=== What to do ===
The answer is the exact run of lines in the listing below from the line containing "Hello students, welcome" up to and including the line containing "Now if I change", with pictures removed.

=== Record set ===
/---

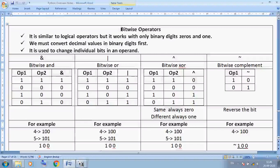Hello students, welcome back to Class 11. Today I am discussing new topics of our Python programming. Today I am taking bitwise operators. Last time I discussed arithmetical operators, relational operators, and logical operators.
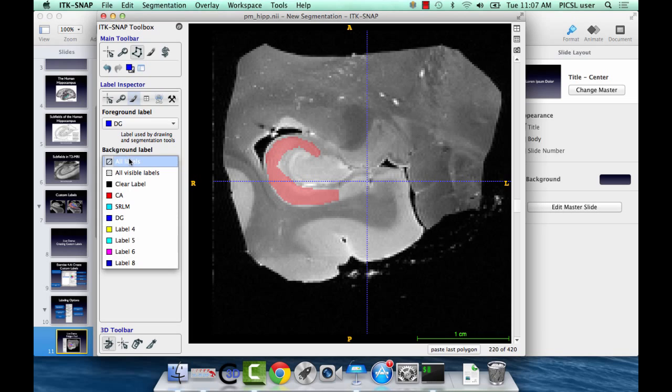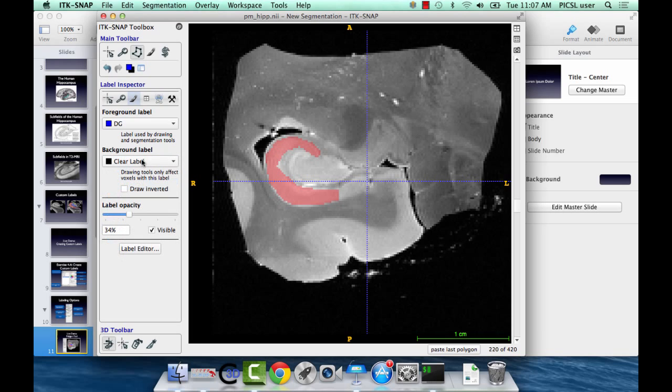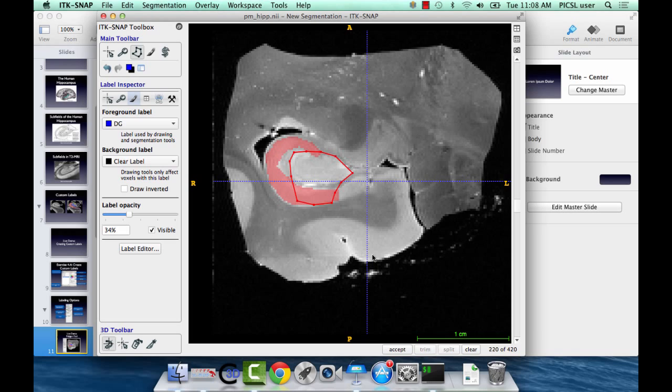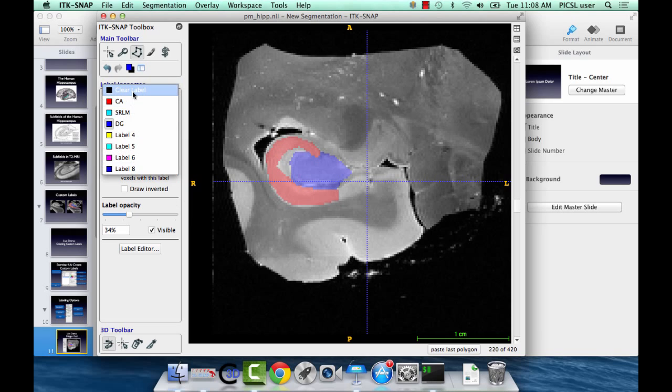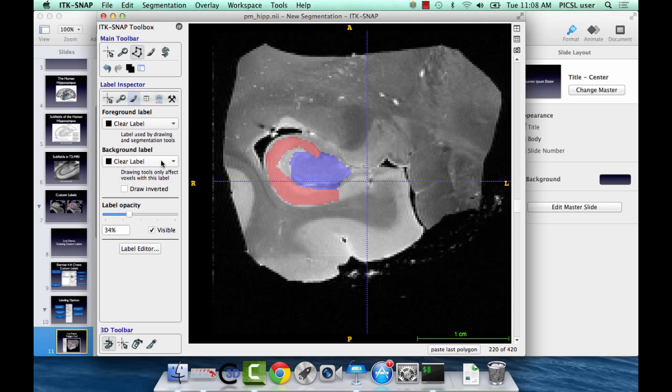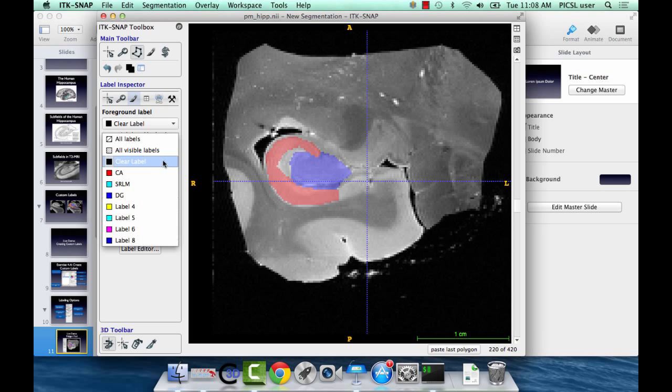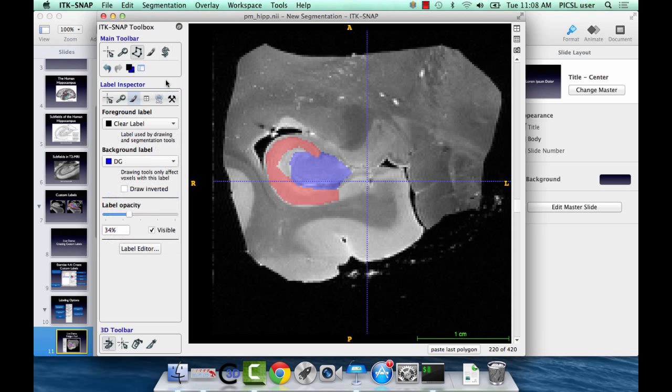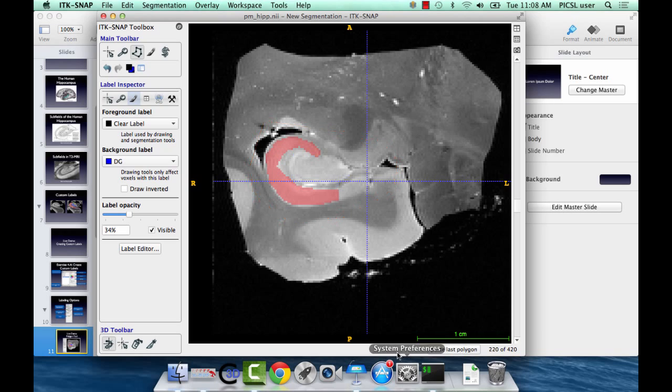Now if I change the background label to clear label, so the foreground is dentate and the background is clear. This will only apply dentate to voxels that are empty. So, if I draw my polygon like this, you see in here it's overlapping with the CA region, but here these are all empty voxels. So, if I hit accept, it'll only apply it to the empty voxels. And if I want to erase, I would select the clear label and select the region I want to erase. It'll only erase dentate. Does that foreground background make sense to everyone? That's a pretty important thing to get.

\---
/---

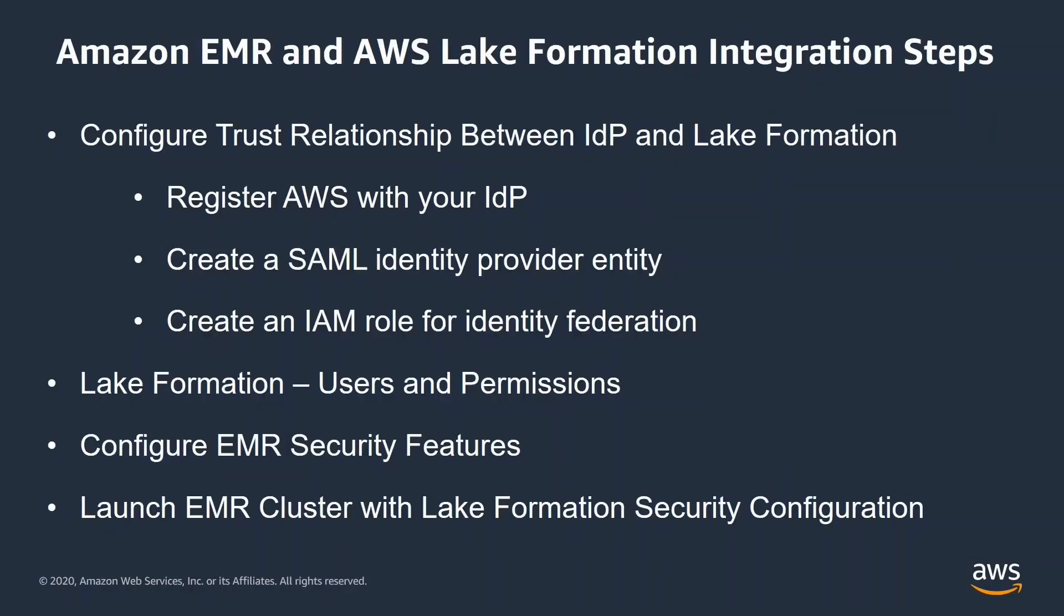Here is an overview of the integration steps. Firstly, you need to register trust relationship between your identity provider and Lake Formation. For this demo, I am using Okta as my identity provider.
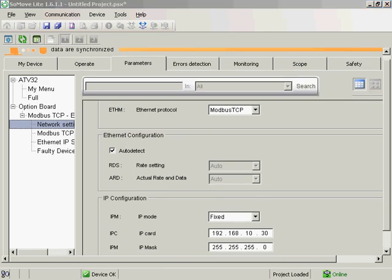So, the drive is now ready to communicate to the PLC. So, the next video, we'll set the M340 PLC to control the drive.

\---
/---

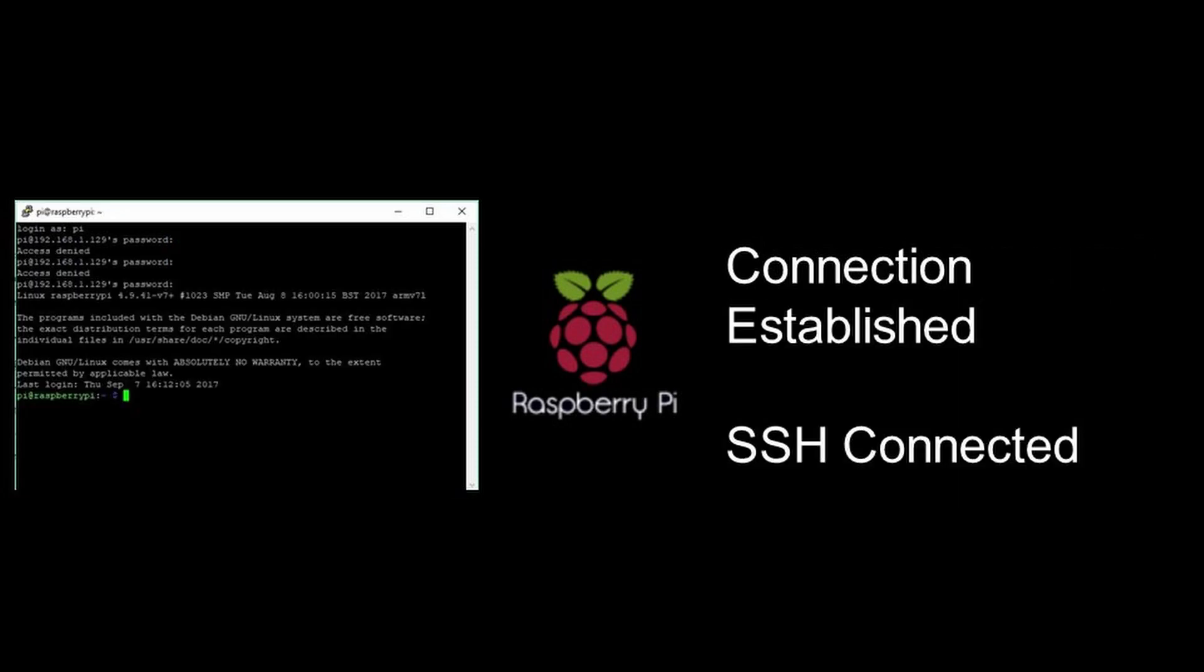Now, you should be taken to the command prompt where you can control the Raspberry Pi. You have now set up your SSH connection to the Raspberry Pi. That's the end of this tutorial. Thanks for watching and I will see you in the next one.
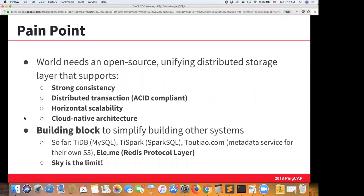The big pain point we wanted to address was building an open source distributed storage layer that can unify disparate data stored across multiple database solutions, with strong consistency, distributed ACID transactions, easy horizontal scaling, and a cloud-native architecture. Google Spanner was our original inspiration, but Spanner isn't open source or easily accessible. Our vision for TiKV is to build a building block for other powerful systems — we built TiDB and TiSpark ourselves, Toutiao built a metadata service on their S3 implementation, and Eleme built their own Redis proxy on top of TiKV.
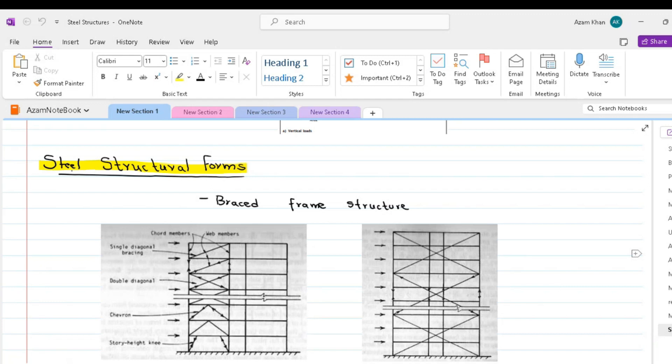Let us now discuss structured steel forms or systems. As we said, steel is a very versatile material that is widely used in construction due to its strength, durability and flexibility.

\---

=== Reply ===
Hello students, welcome back to Class 11. Today I am discussing new topics of our Python programming. Today I am taking bitwise operators. Last time I discussed arithmetical operators, relational operators, and logical operators.
Now if I change the background label to clear label, so the foreground is dentate and the background is clear. This will only apply dentate to voxels that are empty. So, if I draw my polygon like this, you see in here it's overlapping with the CA region, but here these are all empty voxels. So, if I hit accept, it'll only apply it to the empty voxels. And if I want to erase, I would select the clear label and select the region I want to erase. It'll only erase dentate. Does that foreground background make sense to everyone? That's a pretty important thing to get.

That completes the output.